Dans une décision rendue hier, lundi 30 juin, la Cour suprême a fait prévaloir les opinions religieuses de certain.e.s sur le droit des femmes à accéder à la contraception. Dans les entreprises considérées comme familiales, les salariées ne bénéficieront plus du remboursement offert par la Sécurité sociale sur certains produits contraceptifs si cela heurte les convictions religieuses de leurs employeurs/ses.
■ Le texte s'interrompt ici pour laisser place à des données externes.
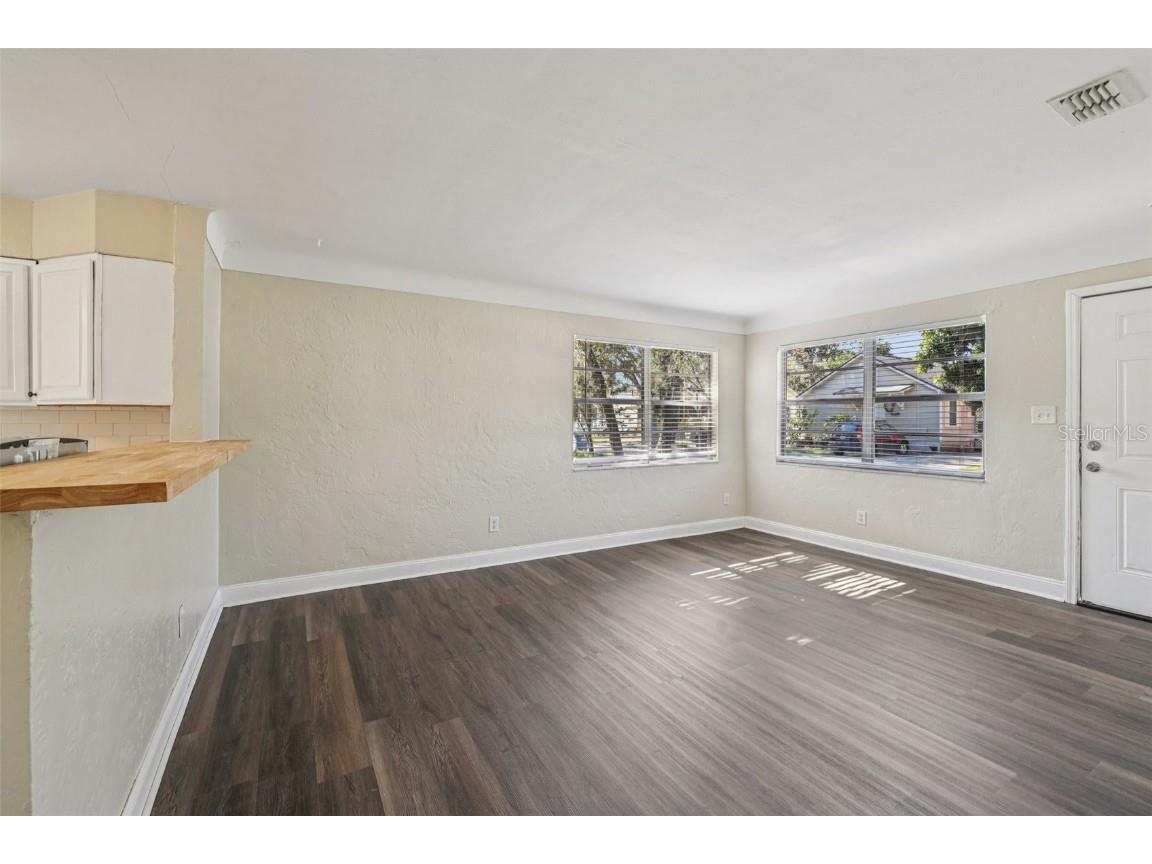 1730 17th Street S Saint Petersburg FL 33712 TB8458749 image13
Ne seront par exemple plus couverts les pilules du lendemain et les dispositifs intra-utérins.

LA COUR DIVISÉE
À l’initiative de cette affaire, deux familles. D’un côté, les Green, qui détiennent la chaîne de magasins Hobby Lobby. David Green a cofondé ces boutiques de loisirs créatifs en 1972 et assure qu’il s’est toujours appuyé sur des principes bibliques. Plus de 13000 personnes travaillent dans les 500 magasins que détient sa famille. De l’autre côté, une famille mennonite emploie un peu moins d’un millier de personnes sous la marque Conestoga, une société d’ameublement. Pour ces deux employeurs, contribuer à la couverture sociale de femmes qui ont recours à des moyens contraceptifs qui interviennent après la fécondation est contraire à leur liberté religieuse et les rend «complices» d’avortements.
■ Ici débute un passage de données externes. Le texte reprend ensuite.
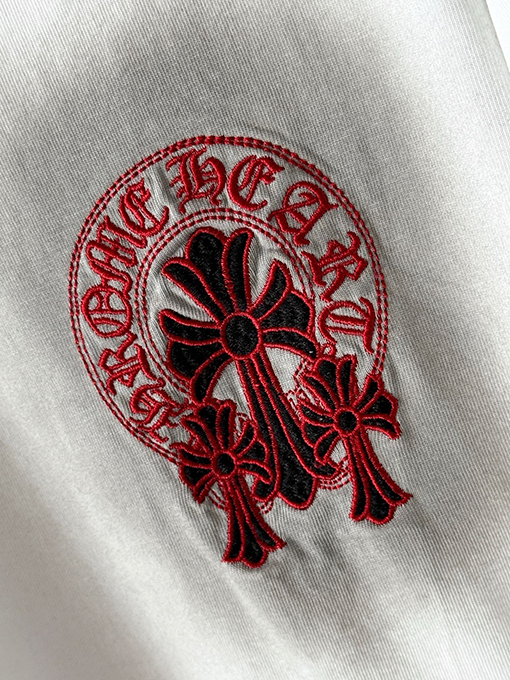 クロムハーツ 新しい十字架の布刺繍半袖Tシャツ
Cinq des neuf juges ont estimé que dans ce cas très précis, la liberté religieuse garantie par la Constitution – et qui ne concernait jusqu’ici que des personnes physiques – peut s’étendre à des sociétés. Cette jurisprudence est valable pour toutes les entreprises contrôlées par des individus «aux croyances religieuses sincères», a indiqué la Cour suprême. L’autre option envisagée par les juges aurait consisté à priver les femmes concernées de tout droit à l’assurance-maladie. La Cour préconise au gouvernement de faire le nécessaire pour que l’État indemnise les employées dont la contraception ne sera plus prise en charge par leur employeur/se. Sur les réseaux sociaux, la décision a provoqué de nombreuses réactions de colère. Le tweet ci-dessous résume bien l’état d’esprit:

«#SCOTUS: Les personnes morales qui n’ont ni cœur, ni esprit ni âme PEUVENT avoir des croyances religieuses»

Mais cette décision est loin de faire l’unanimité au sein même de la juridiction suprême américaine. Les quatre juges – dont trois femmes – choisi.e.s par des présidents démocrates ont voté contre cette décision et Ruth Ginsburg a joint à la décision un avis contraire où elle estime que cet arrêt de la Cour ouvre la voie à d’autres dérogations qui seraient justifiées par la «liberté religieuse». Qu’en sera-t-il si certain.e.s patron.ne.s refusent de couvrir les frais de transfusion sanguine ou de vaccination de leurs employé.e.s au nom de leur religion? Et qu’en sera-t-il lorsque d’autres voudront s’affranchir de lois anti-discriminatoires au nom de leurs croyances? Le juge Samuel Alito lui a assuré que de telles dérives ne pourront voir le jour, indique le Washington Post.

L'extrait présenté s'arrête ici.